Autres voix : “Festin de courbes défendues”, de Galien Barde

Unique portrait connu de Galien Barde

Galien Barde, le poète importun qui sévit ici et là dans l’intrigue de La Plume viciée, était le poète des petits riens, capable de consacrer une poignée de lignes à une démarche ondulée, la lumière d’une lanterne, une porte qui grince ou l’odeur tenace d’une flatulence. Ce qui a fait dire aux mauvaises langues qu’il était le chantre des crottes de mouche. Mais curieusement, certains esprits le considéraient comme particulièrement inventif. En vérité, il faut avoir lu les 437 poèmes en prose poétique de son recueil Frissons et fulgurances : Poésie des riens transcendantaux, pour se faire une idée. Vous hésitez à entreprendre l’aventure ? Je puis comprendre cela. Allez, pour commencer, contentez-vous de lire les extraits qui apparaîtront de temps en temps en ces pages. Et dites-vous sinon que les Callaïdes ont fait leurs délices de la lecture de morceaux choisis de Barde le barde lors de soirées en robes de nuit. Voirement, certaines avaient mal à la mâchoire à force de rire — alors que les effets comiques n’étaient pas nécessairement voulus par l’auteur.

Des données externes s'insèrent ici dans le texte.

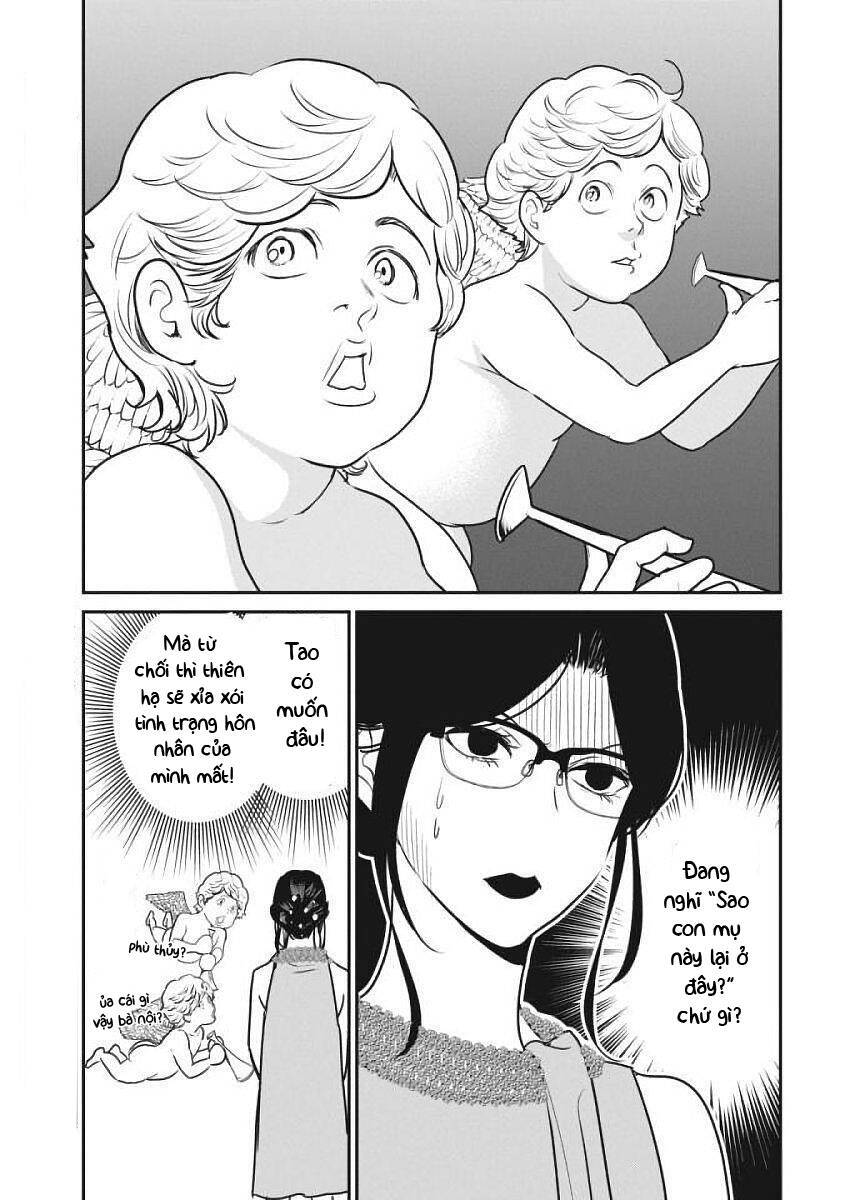 Majo Wa Mioji Kara Chương 3 Ảnh 8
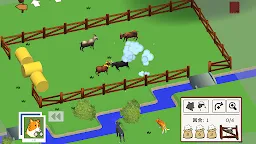 Screenshot 3: I Herd Ewe
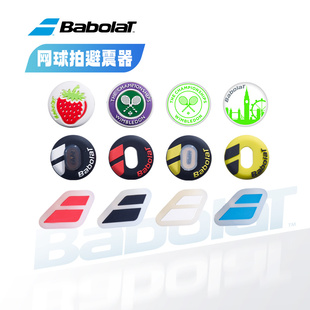 Babolat百保力避震器卡装 硅胶单双颗网球拍减震器百宝力温网专业
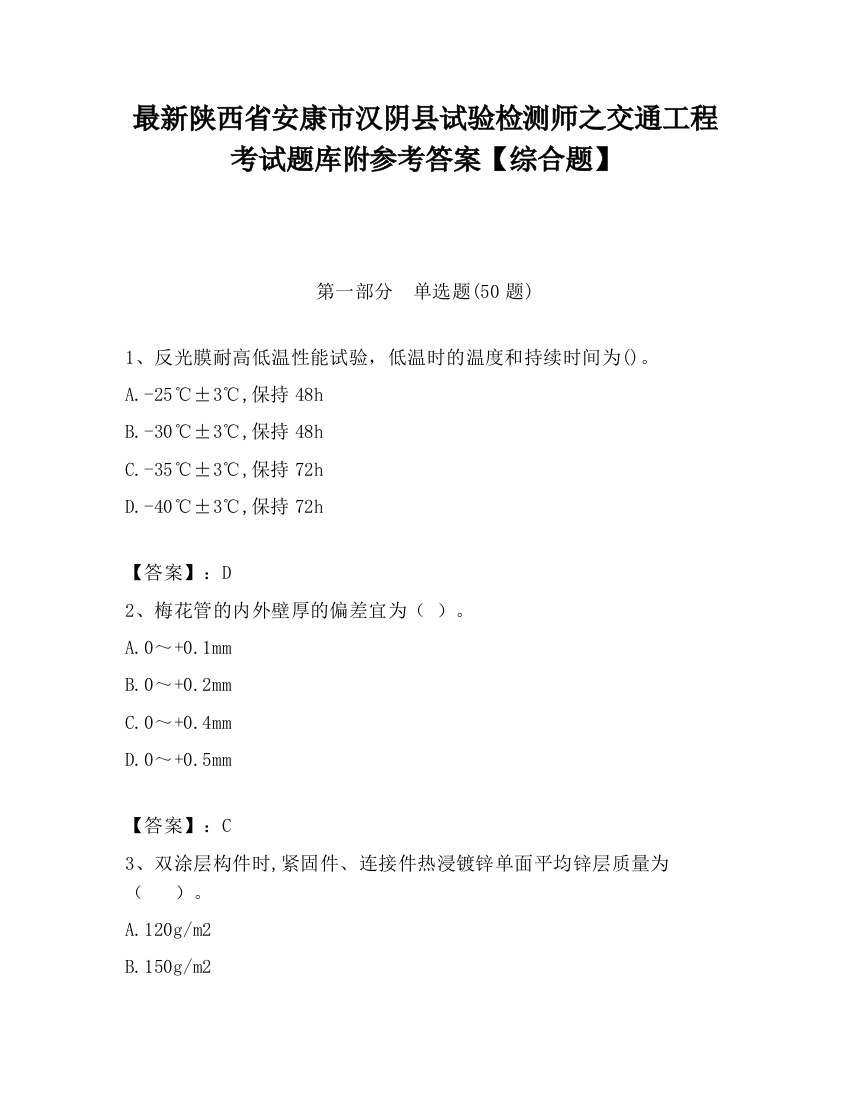 最新陕西省安康市汉阴县试验检测师之交通工程考试题库附参考答案【综合题】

Pour aujourd’hui, livrons la fulgurance 221 consacrée à la belle décollade d’une servante rencontrée dans une auberge.

 

221

Festin de courbes défendues

Par la chopine et le ciel étoilé, quel spectacle émoustillant ! Ces collines plantureuses, défiant vaillamment le tissu, sont un poème en elles-mêmes, des mamelons du paradis à peine voilés par une audacieuse chemisette. Chaque pas de la servante est une ondulation hypnotique, une mer de promesses qui fait chavirer mon âme et ma sobriété. Ah, si j’étais une humble goutte de sueur, pour dévaler ces pentes voluptueuses et atteindre le mystère des mystères… Mais non, je reste là, pauvre observateur, à calculer la circonférence de ces merveilles en silence, géomètre maudit des plaisirs interdits et envahi de désirs aussi ridicules qu’irrésistibles. Las ! faute d’oser gravir ces sommets interdits, je me retire dans ma chambrette, prêt à invoquer manuellement en solitaire les muses de l’extase, pour apaiser l’orage furieux qui gronde en mon esprit et ailleurs.